A drive of nearly 48 kilometres from Leh town would take you to the point where the rivers Indus and Zanskar meet. The muddy waters of the Zanskar merge with the turquoise blue water of the Indus to flow westwards. Just before the Sangam, get up close and personal with the super-charged famed magnetic hill. Pay close attention as your car climbs up without any thrust on a seemingly uphill tarmac. After visiting the confluence we head back to Leh with a pit stop at the Gurdwara Patthar Sahib. Legend has it that a demon who terrorised the area, pushed a boulder onto Guru Nanak who had come to help - leaving a hollow impression of a person on the stone and the Guru unscathed. Discovered in the 1970's while building a road, the boulder has now been placed in the gurdwara maintained by the Indian Army.
Stop by Ladakh's summer capital, Shey Palace on your way to Pangong Tso. Located on a hillock, Shey Palace and the Shey Monastery, seem unaffected by time since 1655 from afar. Upon closer look, the effects of time are clearly visible with the palace partly in ruins. The monastery's main attraction is this 12-metre tall statue of Shakyamuni Buddha that occupies three floors. This is the second largest statute of Buddha in the Ladakh region. Next we visit the Thiksey monastery. With fascinating art across the 12 storey complex, stupas, thangka paintings, statues and numerous artefacts make for a very interesting visit.
Moving ahead, we take a break and stop for a hot lunch at Karu before beginning the next leg of the journey to Pangong. Pass through charming hamlets and picturesque open stretches before the steep ascent to Chang La pass. A couple of kilometres down, you find green pastures with yaks and sheep grazing alongside the road besides small streams.
Pangong Tso is best known for being a part of the last scene Bollywood's blockbuster "Three Idiots". This beautiful 604-km2 lake is partly in India and partly in China. The lake at 4305 metres above sea level, is a spectacle to witness as the water changes several shades of blue throughout the day.

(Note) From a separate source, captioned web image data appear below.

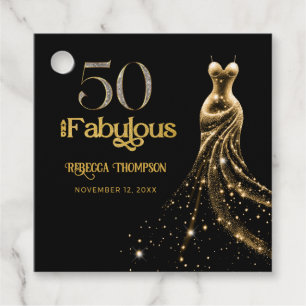 Fünfzig und Fantastisch Goldenes Kleid Schwarz 50. Geschenkanhänger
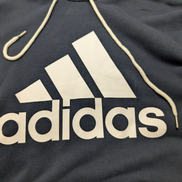 ➜ Sweat à Capuche Adidas - Grand Logo Blanc - Marine - Taille M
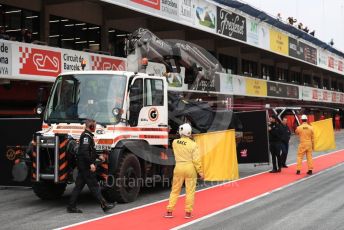 World © Octane Photographic Ltd. Formula 1 – Winter Testing - Test 1 - Day 3. Rich Energy Haas F1 Team VF19 – Romain Grosjean car gets returned to the pit lane. Circuit de Barcelona-Catalunya. Wednesday 20th February 2019.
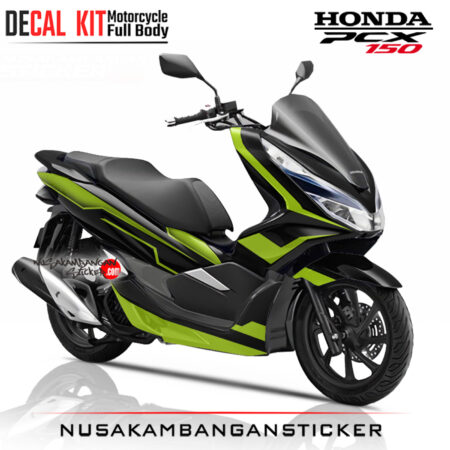 Decal Sticker Honda PCX 150 New Hitam Grafis Hijau Stiker Full Body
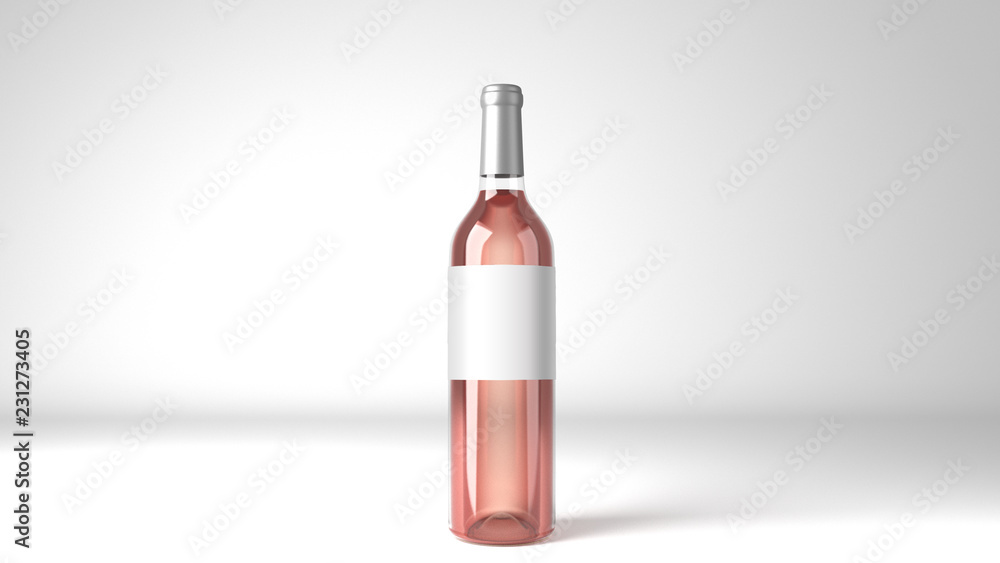 Rose Wine Bottle Square Label Mockup 3d Render Rose Wine Bottle Square Label Mockup 3d Render
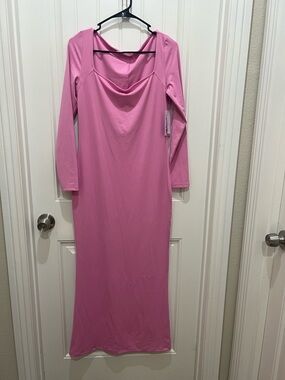 wild fable Pink Long Sleeve Cowl Neck Maxi Dress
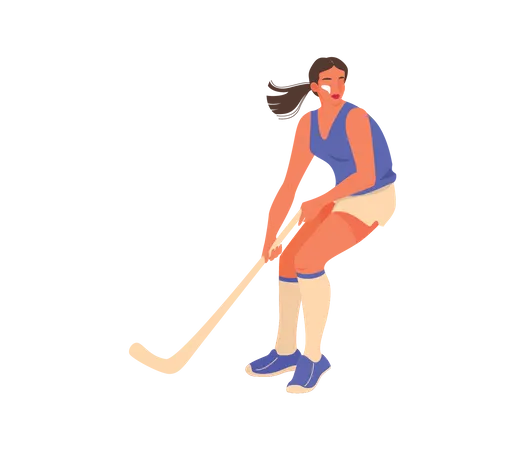 Athlète féminine jouant au hockey  Illustration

The crystal clear water will have you mesmerised. Head over to Spangmik village as the sun slowly goes down and the chill sets in. A warm dinner and a cosy bed at your camp awaits you.
As the sun rises, watch the transparent waters turn blue. A hearty breakfast later, begin the long drive back to Leh.
Stop at Hemis Monastery. Perched on a hill, nestled between mountains, Hemis is better known as India's Shangri-La. Founded in 1672, Hemis monastery is said to have existed before the 11th century. Hemis was made famous by claims in the late 19th century by a Russian journalist, Nicolas Notovitch, that the library contained works on Jesus Christ's lost years (this was proven to be false). The Cham mask dance is performed is in June-July for 2 days at this monastery.
We stop for lunch at Karu on our way back to Leh. With stunning views of the mountains beyond with the contrast of green and purple against clear blue skies make for most of the serener on the drive from Hemis to Thiskey.
Head back to your hotel or visit the local markets for some last minute souvenir shopping once you're back in Leh. A hot dinner awaits you at the hotel.
Get ready to leave with a heavy heart as you board your flight back to the plains. Picturesque views and memories of Ladakh will keep fresh in your memory for the next few weeks.